## TASK REQUIREMENTS
Copy all lines below containing "showing".
─── INFORMATION ───
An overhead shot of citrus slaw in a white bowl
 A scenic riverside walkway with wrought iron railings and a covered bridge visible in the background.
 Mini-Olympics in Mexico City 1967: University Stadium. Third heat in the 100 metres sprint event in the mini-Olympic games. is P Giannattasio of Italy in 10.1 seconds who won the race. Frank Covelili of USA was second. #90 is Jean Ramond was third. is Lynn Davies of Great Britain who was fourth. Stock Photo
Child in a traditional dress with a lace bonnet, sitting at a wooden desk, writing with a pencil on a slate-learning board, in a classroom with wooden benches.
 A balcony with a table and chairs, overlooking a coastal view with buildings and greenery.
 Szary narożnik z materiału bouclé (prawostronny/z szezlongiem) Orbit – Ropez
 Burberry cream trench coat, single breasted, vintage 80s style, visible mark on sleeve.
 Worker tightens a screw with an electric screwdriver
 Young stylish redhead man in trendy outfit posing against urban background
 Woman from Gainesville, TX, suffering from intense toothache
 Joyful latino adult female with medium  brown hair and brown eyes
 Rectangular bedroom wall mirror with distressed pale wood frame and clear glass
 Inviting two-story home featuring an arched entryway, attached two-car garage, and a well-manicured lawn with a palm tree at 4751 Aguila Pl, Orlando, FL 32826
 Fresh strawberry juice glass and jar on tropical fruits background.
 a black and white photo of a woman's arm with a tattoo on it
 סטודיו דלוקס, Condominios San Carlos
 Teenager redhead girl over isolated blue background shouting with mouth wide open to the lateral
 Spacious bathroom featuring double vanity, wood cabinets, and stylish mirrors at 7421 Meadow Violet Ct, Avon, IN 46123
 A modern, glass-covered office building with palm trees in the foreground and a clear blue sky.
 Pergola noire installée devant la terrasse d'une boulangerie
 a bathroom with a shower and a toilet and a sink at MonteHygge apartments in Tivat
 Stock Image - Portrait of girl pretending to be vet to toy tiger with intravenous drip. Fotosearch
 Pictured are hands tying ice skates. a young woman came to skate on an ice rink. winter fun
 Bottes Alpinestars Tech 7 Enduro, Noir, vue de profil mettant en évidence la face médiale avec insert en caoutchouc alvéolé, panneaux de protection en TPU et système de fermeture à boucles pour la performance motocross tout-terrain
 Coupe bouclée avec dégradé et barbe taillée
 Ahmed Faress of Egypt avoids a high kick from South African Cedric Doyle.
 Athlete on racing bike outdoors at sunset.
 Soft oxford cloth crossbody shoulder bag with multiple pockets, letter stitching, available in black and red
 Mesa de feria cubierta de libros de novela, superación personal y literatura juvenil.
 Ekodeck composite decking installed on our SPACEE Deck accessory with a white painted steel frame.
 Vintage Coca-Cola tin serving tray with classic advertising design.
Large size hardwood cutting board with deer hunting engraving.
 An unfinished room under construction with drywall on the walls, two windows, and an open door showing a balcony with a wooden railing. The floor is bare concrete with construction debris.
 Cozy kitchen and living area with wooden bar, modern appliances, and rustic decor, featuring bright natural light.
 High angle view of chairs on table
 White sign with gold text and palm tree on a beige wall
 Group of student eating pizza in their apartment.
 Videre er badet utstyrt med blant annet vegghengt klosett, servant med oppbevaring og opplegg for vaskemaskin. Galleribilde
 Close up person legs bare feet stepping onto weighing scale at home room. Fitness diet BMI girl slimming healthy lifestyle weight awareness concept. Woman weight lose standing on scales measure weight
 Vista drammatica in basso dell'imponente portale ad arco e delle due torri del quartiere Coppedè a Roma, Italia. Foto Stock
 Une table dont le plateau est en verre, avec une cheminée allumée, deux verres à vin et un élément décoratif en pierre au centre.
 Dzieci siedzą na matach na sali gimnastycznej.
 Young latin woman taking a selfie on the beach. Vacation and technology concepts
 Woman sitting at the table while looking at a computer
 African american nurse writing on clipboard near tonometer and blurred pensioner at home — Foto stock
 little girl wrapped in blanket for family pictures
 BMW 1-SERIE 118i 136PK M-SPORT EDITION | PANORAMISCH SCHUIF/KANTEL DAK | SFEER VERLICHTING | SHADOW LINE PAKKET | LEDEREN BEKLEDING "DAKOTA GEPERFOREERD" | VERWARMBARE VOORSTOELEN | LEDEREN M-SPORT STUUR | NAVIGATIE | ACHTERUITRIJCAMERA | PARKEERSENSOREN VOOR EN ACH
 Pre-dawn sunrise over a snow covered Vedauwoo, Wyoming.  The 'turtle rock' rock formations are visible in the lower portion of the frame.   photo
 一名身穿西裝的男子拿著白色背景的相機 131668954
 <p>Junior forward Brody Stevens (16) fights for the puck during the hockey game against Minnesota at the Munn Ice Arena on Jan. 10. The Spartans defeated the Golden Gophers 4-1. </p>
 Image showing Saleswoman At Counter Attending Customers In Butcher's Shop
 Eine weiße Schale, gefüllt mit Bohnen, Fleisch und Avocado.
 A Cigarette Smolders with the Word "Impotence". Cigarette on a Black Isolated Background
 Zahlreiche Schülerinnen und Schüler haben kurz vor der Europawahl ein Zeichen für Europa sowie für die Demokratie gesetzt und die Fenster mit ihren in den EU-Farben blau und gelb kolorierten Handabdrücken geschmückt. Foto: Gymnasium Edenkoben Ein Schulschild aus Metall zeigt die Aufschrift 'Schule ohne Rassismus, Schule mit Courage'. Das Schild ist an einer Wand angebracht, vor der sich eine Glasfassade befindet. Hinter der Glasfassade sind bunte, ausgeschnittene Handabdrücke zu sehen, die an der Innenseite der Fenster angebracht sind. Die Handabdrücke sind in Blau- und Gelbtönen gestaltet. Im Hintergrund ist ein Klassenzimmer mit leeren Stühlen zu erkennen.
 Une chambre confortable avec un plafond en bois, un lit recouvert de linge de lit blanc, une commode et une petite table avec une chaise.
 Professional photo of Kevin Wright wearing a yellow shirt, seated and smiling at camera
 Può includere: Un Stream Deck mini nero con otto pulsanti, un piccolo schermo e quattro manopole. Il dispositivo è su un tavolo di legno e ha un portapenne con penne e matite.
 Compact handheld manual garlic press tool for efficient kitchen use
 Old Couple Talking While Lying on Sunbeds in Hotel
───
## COMPLETED TASK
 An unfinished room under construction with drywall on the walls, two windows, and an open door showing a balcony with a wooden railing. The floor is bare concrete with construction debris.
 Image showing Saleswoman At Counter Attending Customers In Butcher's Shop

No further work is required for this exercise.